FINRA 2018 Fines Summary for Noncompliance with Recordkeeping and Supervision Obligations

In 2018, FINRA focused on firms’ noncompliance with recordkeeping and supervision obligations. FINRA penalized firms for communications sent over channels which firms cannot or are not archiving. Also last year, FINRA held individuals responsible for text message–related violations.

FINRA fined a firm $700,000, and the chief executive officer (CEO) was fined $100,000 and barred from FINRA association. The CEO failed to reasonably supervise the preparation of the firm’s books and records. Consequently, the firm did not supervise the review of electronic correspondence. The firm’s written supervisory procedures (WSPs) failed to address how supervisors were to review electronic correspondence. In addition, the firm failed to document any reviews. Finally, the firm’s WSPs didn’t address how supervisors were to select electronic correspondence for review, how they were to review it, how often they needed to review it, or how they were to document their reviews.

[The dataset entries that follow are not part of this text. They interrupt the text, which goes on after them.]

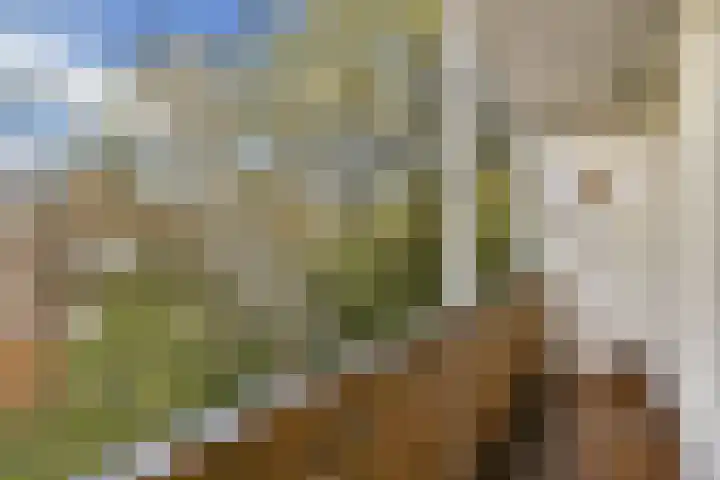 Javastraat 67 2 Amsterdam thumbnail 12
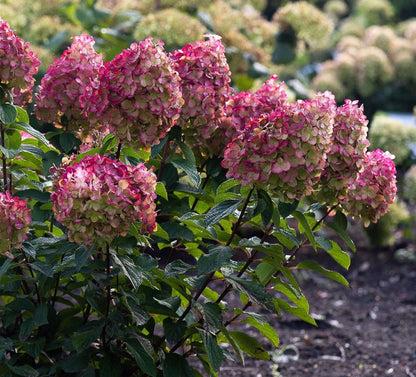 Hortenzija šluotelinė (Hydrangea paniculata) Living 'Colourful Cocktail'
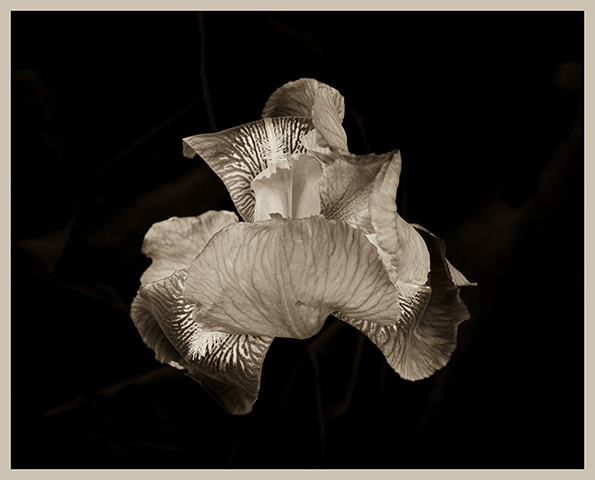 Photographie natures mortes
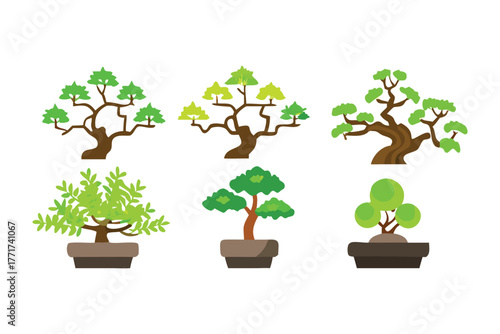Bonsai Trees: Collection of stylized miniature trees showcased in various meticulously designed planters, illustrating the art and tranquility of bonsai cultivation.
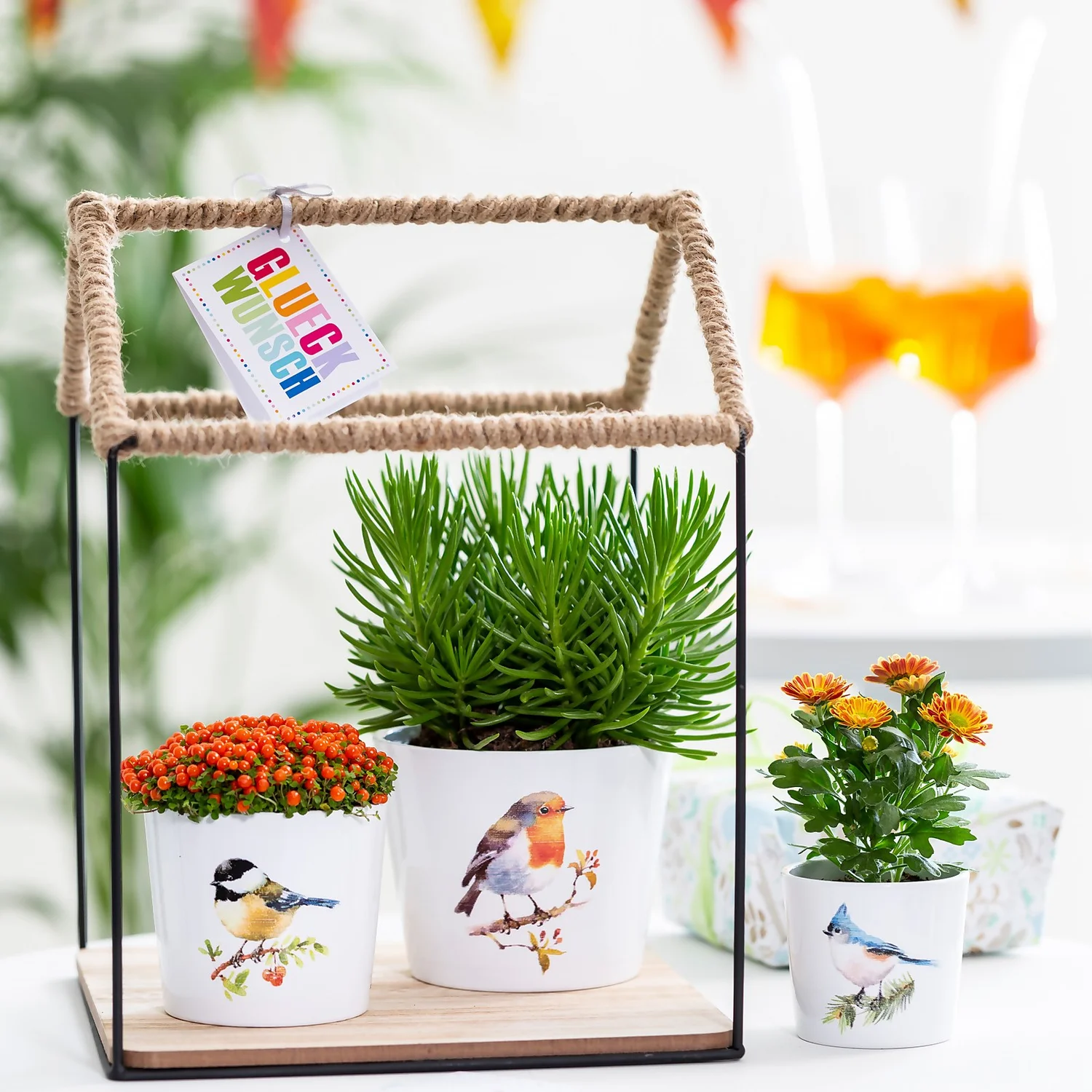 Scheurich Robin Indoor Pot - 13cm 2 Scheurich Robin Indoor Pot - 13cm - Image 2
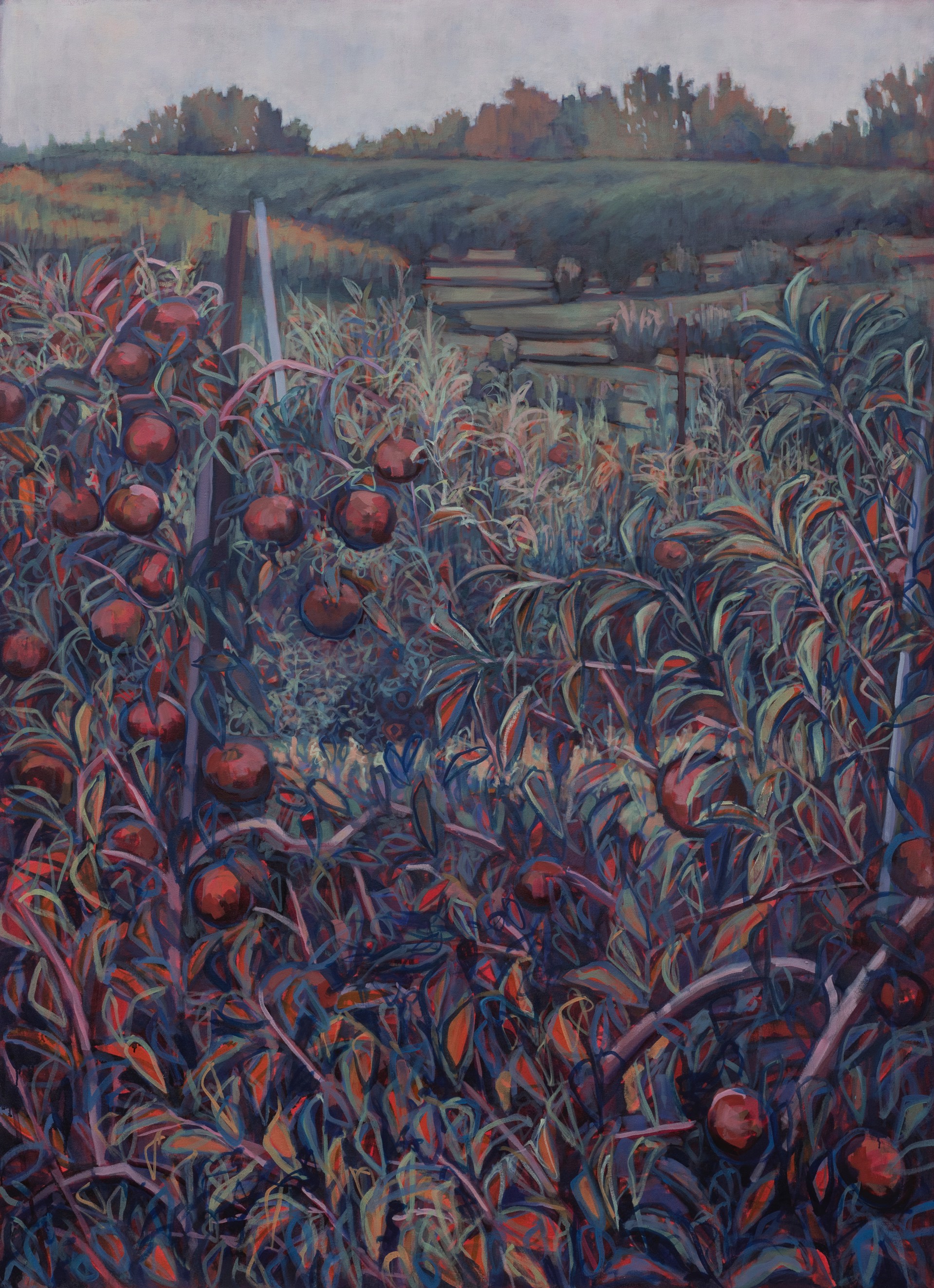 Fennville Orchard by Nina Weiss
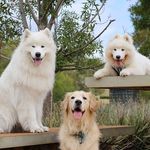 Wanda - @wandabritton__37 - Instagram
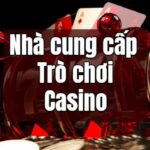 Nhà cung cấp phần mềm casino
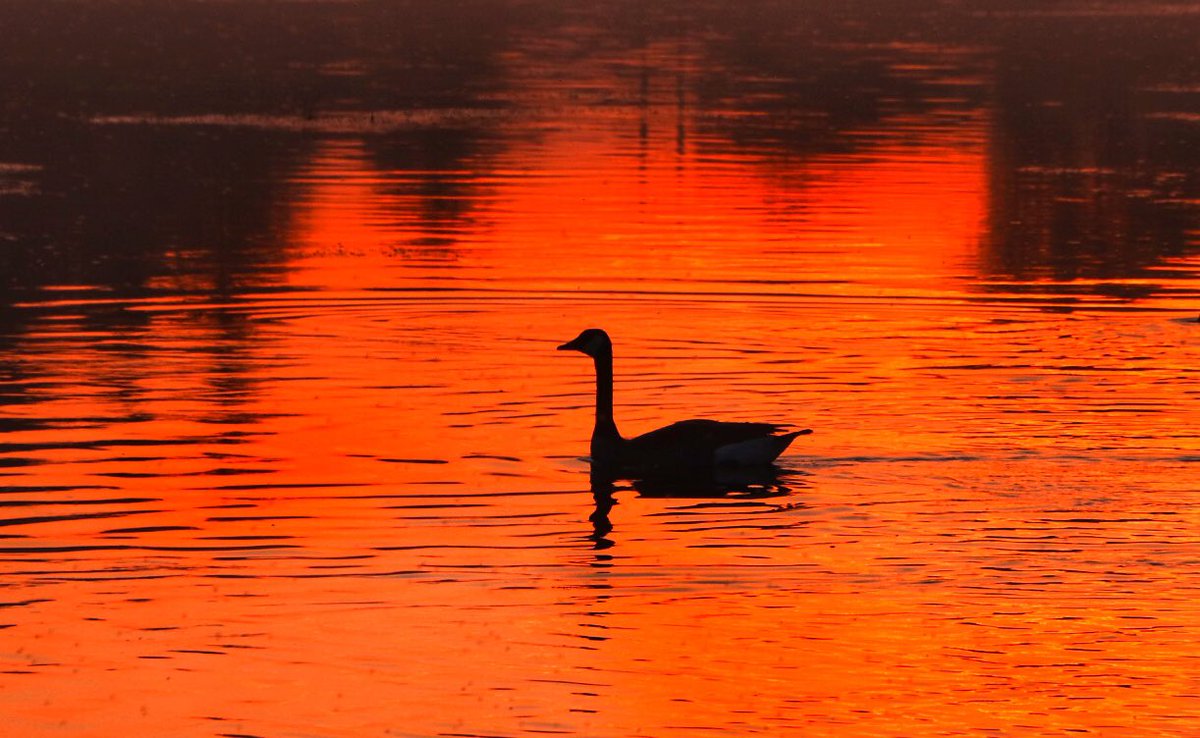 Happy Canada Day weekend @cityofcambridge #cbridge #CanadaDay2019 #CanadaDay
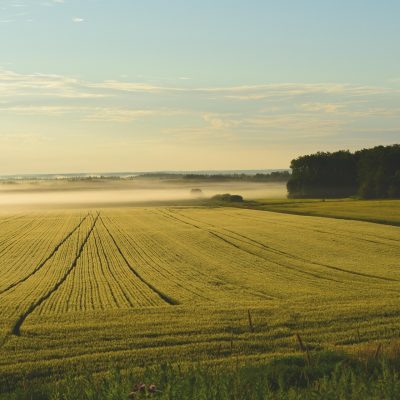 farm-5836815_1920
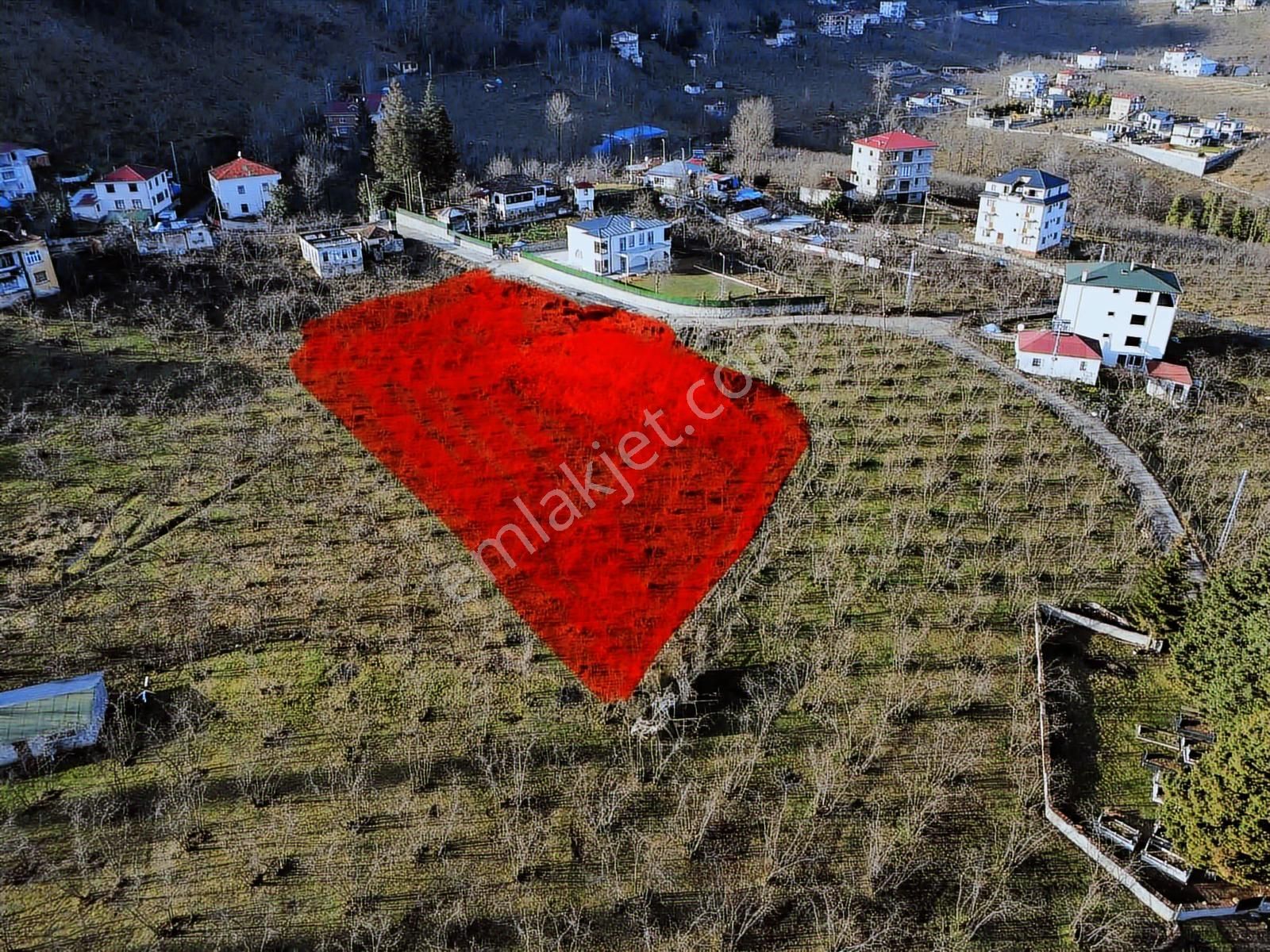 Trabzonda Deniz Manzaralı Projeli Arazi - Görsel 2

Similarly, both a firm and an associated individual were fined for failure to conduct supervisory reviews. The firm was fined $70,000, and the general securities principal was fined $5,000 and suspended from FINRA association for 30 days. The firm’s WSPs stated the principal was responsible for conducting a supervisory review of representatives’ electronic correspondence. However, the principal did not conduct the reviews. The firm’s WSPs also provided that the principal was responsible for overseeing branch office activities, including branch inspections, but the firm and the principal did not conduct a branch inspection of the firm’s sole office from 2011 through 2014.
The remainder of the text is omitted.